And another thing about depression
What is the most burdensome disease in the world today? According to the World Health Organization, the disease that robs the most adults of the most years of productive life is not AIDS, not heart disease, not cancer. It is depression.
In this post from the New York Times' "Opinionator" online column, Tina Rosenberg addresses mental health treatment in the poorer parts of the planet, which often means looking into whether it exists at all. I don't post this in ignorance of the long-standing debate about whether western psychology holds the keys to the world's problems (hint: it can't possibly), but rather to point out that mental illnesses, like physical illnesses, are to be found just about everywhere. How we talk about them and what treatment we provide will likely be different; the need to provide something, however, seems pretty clear. As a researcher quoted in Rosenberg's post puts it:
“There’s an assumption that after you bury five of your kids you get used to it, and it doesn’t hurt as much...People don’t realize you don’t get used to it. You just give up.”

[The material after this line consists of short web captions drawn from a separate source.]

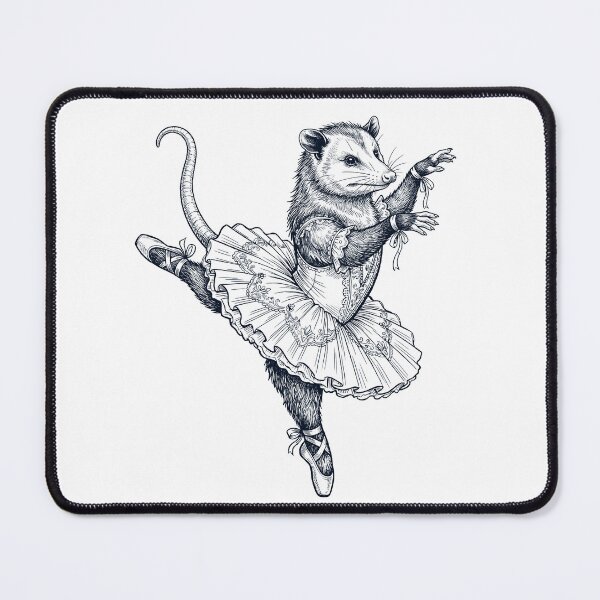 Item preview, Vintage Opossum Ballet Dancer Ballerina Animal Lover designed and sold by dian-rody-crest.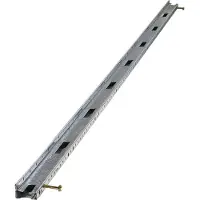 Hager , sistema de rieles universales N 1200mm, modelo UN08A, para armarios de 160mm de profundidad o más. Juego de 2 unidades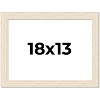PosterPalooza | 18x13 Wide Barnwood Picture Frame, UV Acrylic, 6 Finishes - Grey, Brown, White, and Black - 2 of 4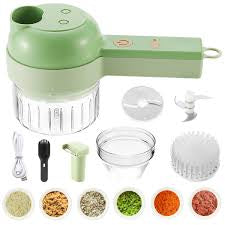 4-in-1 Electric Vegetable Cutter, Slicer, Grater, Chopper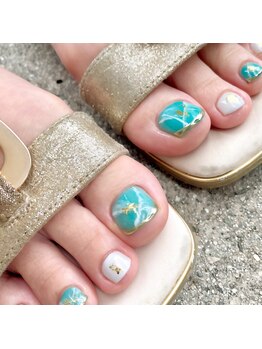 シームリーネイル(Seemly Nail)/夏フットデザイン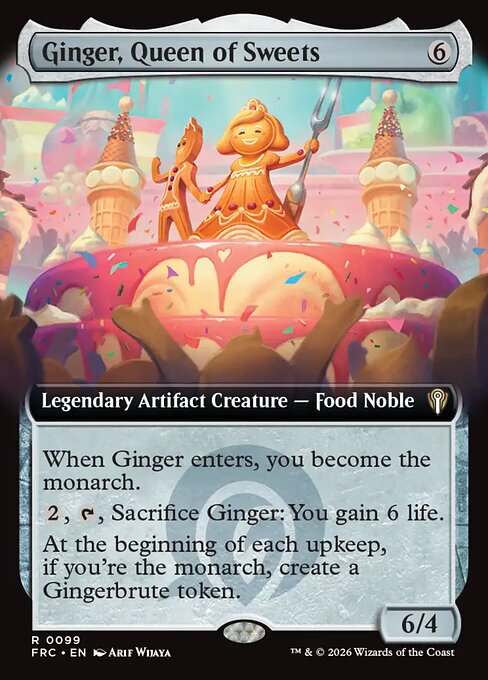 Ginger, Queen of Sweets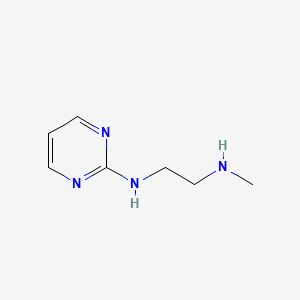 molecular formula C7H12N4 B8640207 N1-Methyl-N2-pyrimidin-2-yl-ethane-1,2-diamine 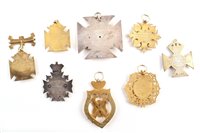 Lot 325 - Fifty eight RAOB silver, silver gilt and enamelled medallions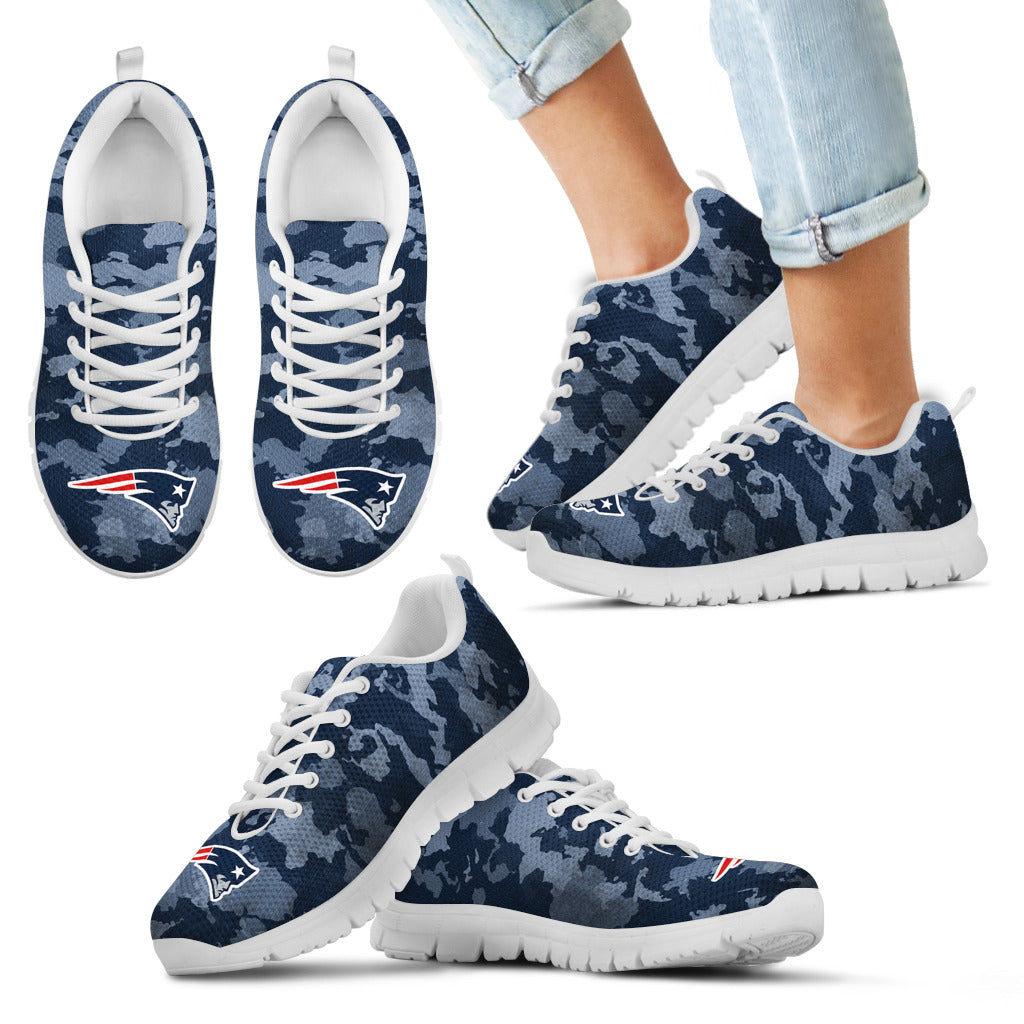 Arches Top Fabulous Camouflage Background New England Patriots Sneakers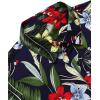 imageCOOFANDY Mens Hawaiian Tropical Shirt Short Sleeve Casual Button Down Floral Summer Beach Shirts with PocketGreen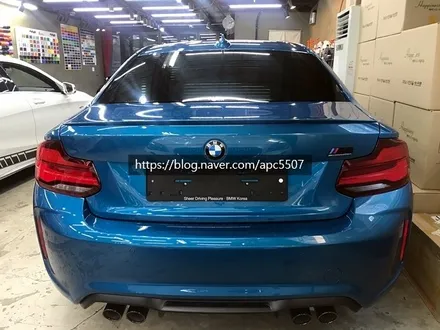 2020 BMW M2, 유광 화이트 자동차 랩핑 시공기 / 용산구 문배동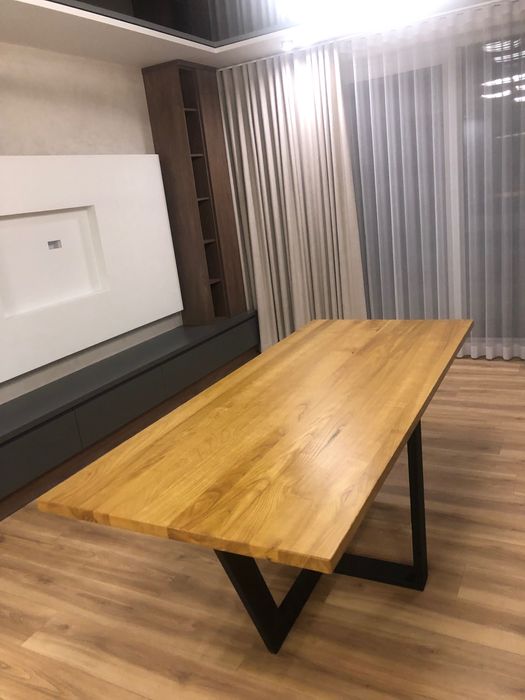 Stół loftowy z litego jesionu 200x85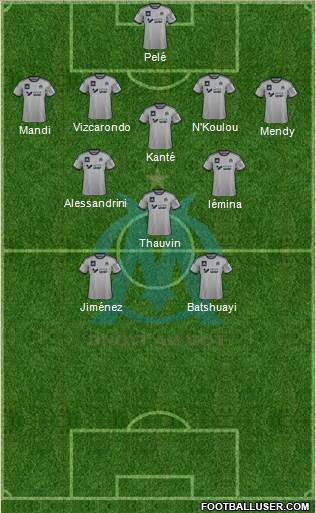 Olympique de Marseille Formation 2015
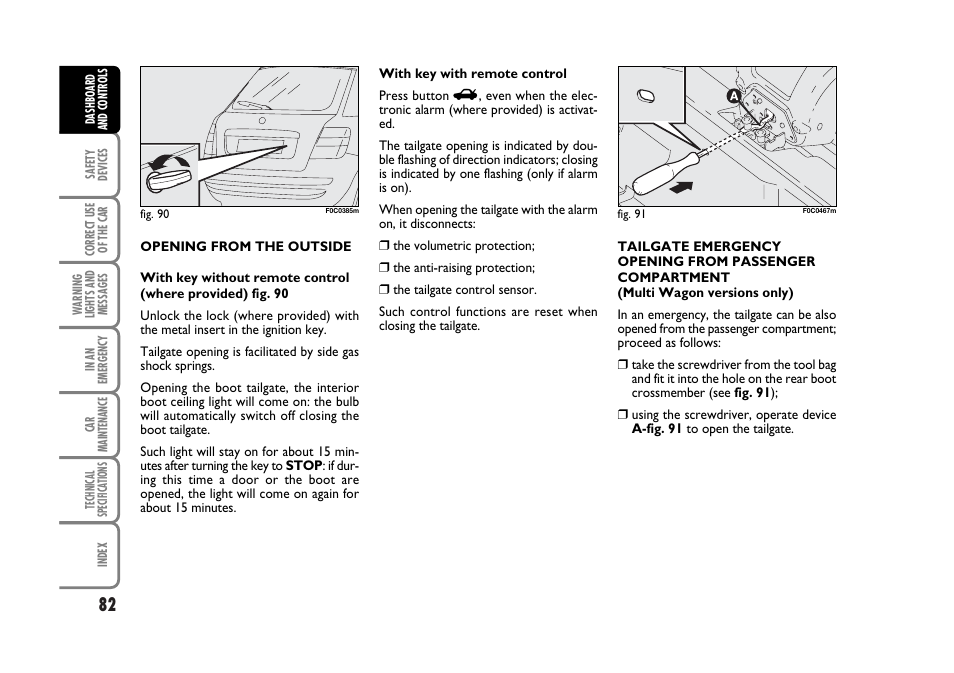 FIAT Stilo User Manual | Page 83 / 274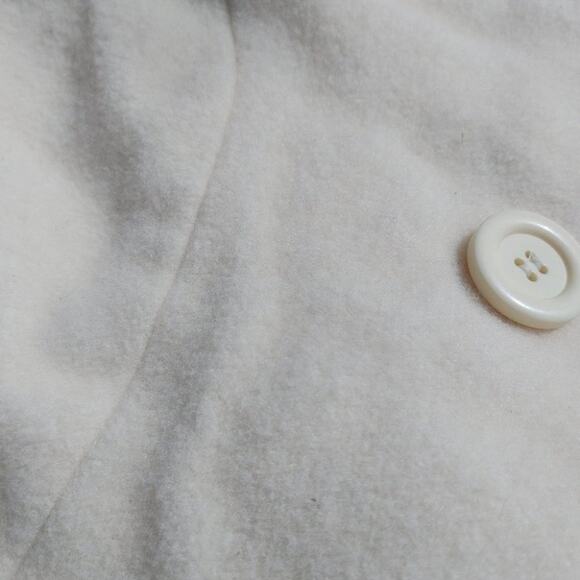 Anne Klein Size Small White Ivory Peacoat Winter Warm AK Long Sleeve Snow - Picture 8 of 11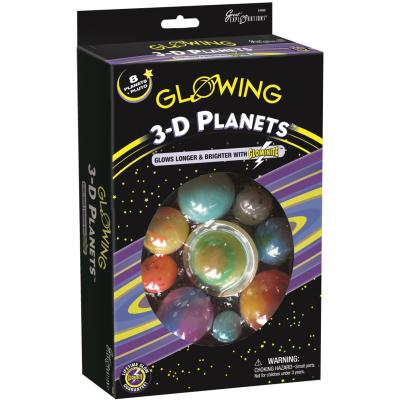 Glowing 3D Planets Kit-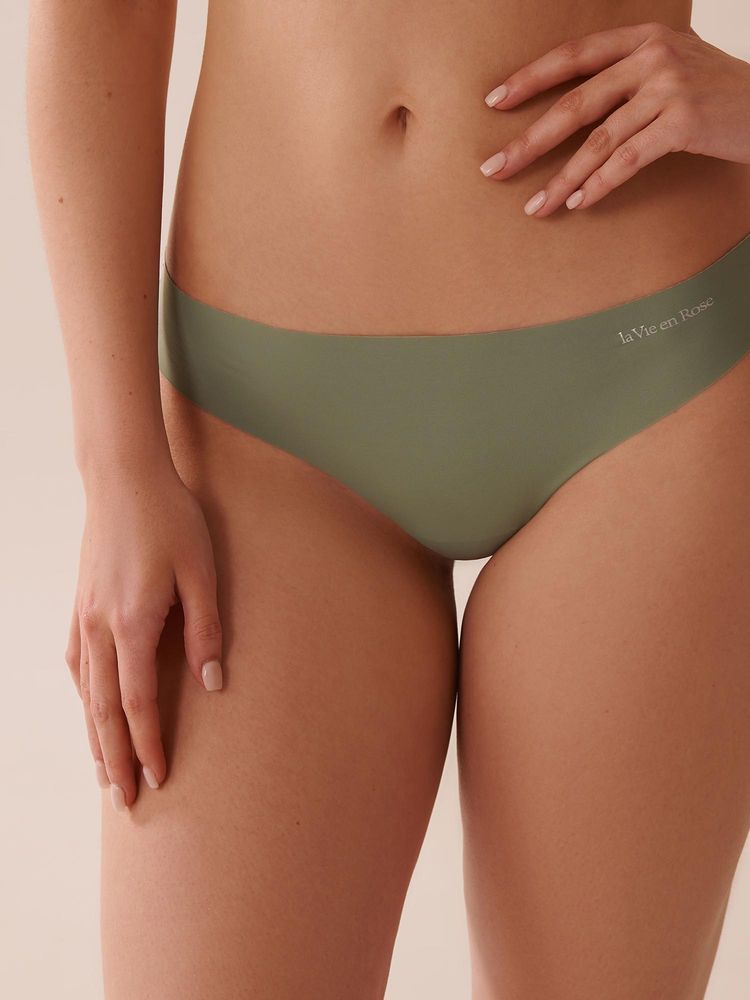 La Vie En Rose Microfiber Invisible Thong Panty Green-picture-11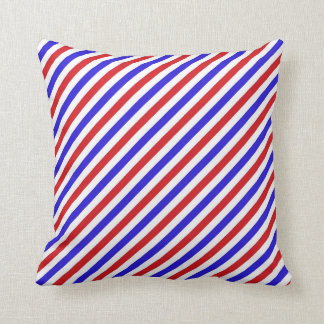 ALMOHADA del MODELO de la RAYA, blanco y azul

In a time when changing climates and trade patterns result in more and more people being uprooted from their homes and ways of life, this issue is only going to increase. So yes, let's mitigate the social and environmental and geopolitical situations that so often leave people vulnerable to disease of all kinds, but let's acknowledge that once these diseases do exist, people need treatment--whatever that might be for them. And let's not lose sight of the fact that there is also a broad gap in access to effective treatment within our own country.